Every codepoint in the Unicode Character Database (UCD) is
assigned a Unicode General Category (UGC),
which provides the most fundamental information about the
codepoint: whether the codepoint represents a
Letter, a Mark, a
Number, Punctuation, a
Symbol, a Separator,
or something else (Other).
These UGC properties are "Major" categories. Each codepoint is
further assigned to a "minor" category within its Major
category, such as "Letter, uppercase" (Lu
) or
"Letter, modifier" (Lm
).
Shaping models are concerned primarily with Letter and Mark
codepoints. The minor categories of Mark codepoints are
particularly important for shaping.
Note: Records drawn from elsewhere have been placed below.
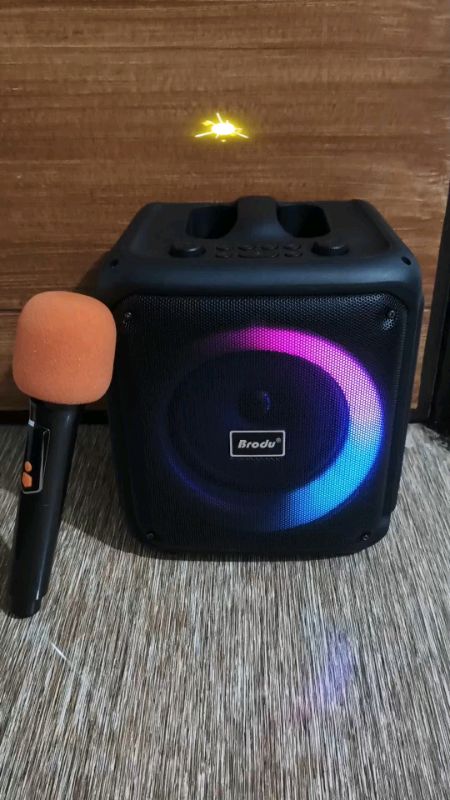 Brodu Bluetooth speakers W/ free wireless mic. #brodu #brodubluetoothspeaker #speaker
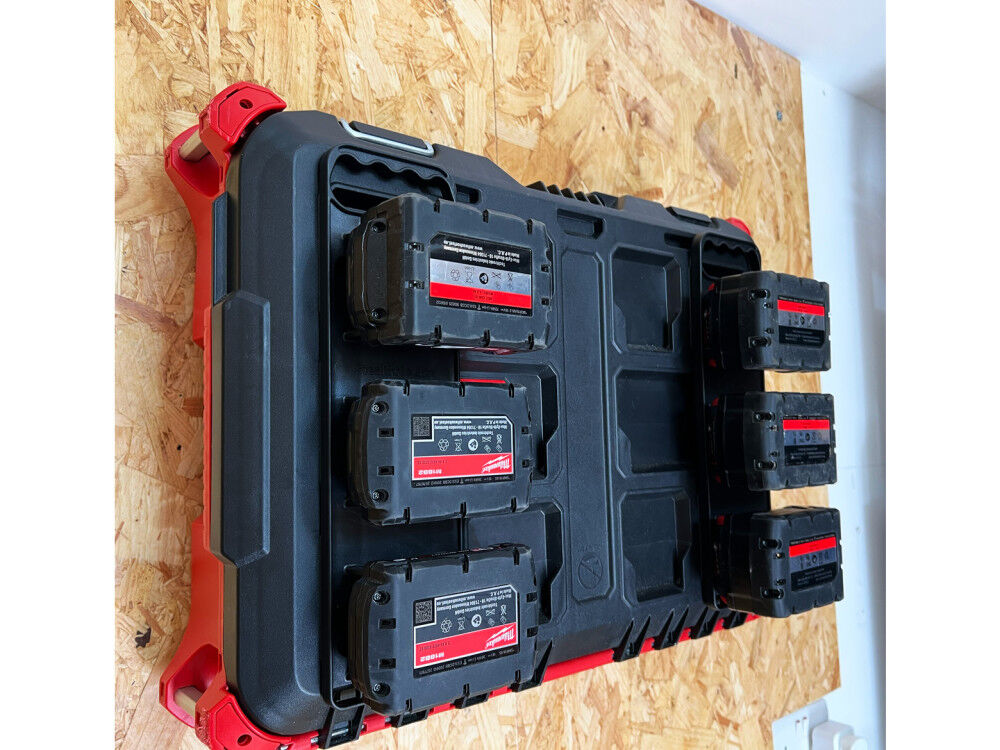 Battery Board with Handle and Feet for Milwaukee Black BD-MW18-HF-1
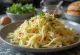 Pikantno kislo zelje (sauerkraut) postreženo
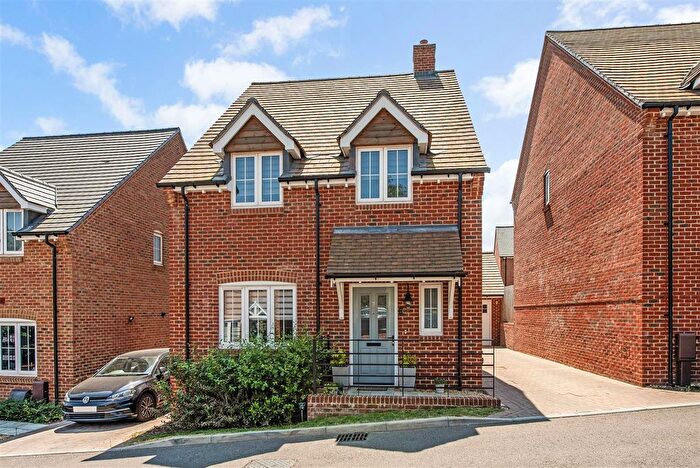 4 Bedroom Detached House For Sale In Alder Grove, Lovedean, PO8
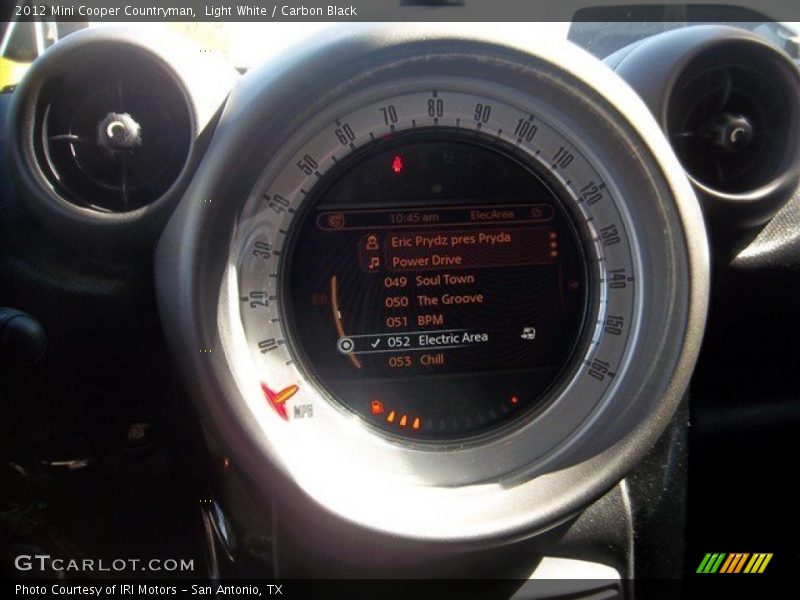Light White / Carbon Black 2012 Mini Cooper Countryman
Marks can be nonspacing
(Mn
), spacing combining
(Mc
), or enclosing (Me
).
In addition to the UGC property, codepoints in the Indic and
Southeast Asian scripts are also assigned
Unicode Indic Syllabic Category (UISC) and
Unicode Indic Positional Category (UIPC)
properties that provide more detailed information needed for
shaping.
The UISC property sub-categorizes Letters and Marks according to
common script-shaping behaviors. For example, UISC distinguishes
between consonant letters, vowel letters, and vowel marks. The
UIPC property sub-categorizes Mark codepoints by the relative visual
position that they occupy (above, below, right, left, or in
multiple positions).
Some complex scripts require that the text run be split into
syllables. What constitutes a valid syllable in these
scripts is specified in regular expressions, formed from the
Letter and Mark codepoints, that take the UISC and UIPC
properties into account.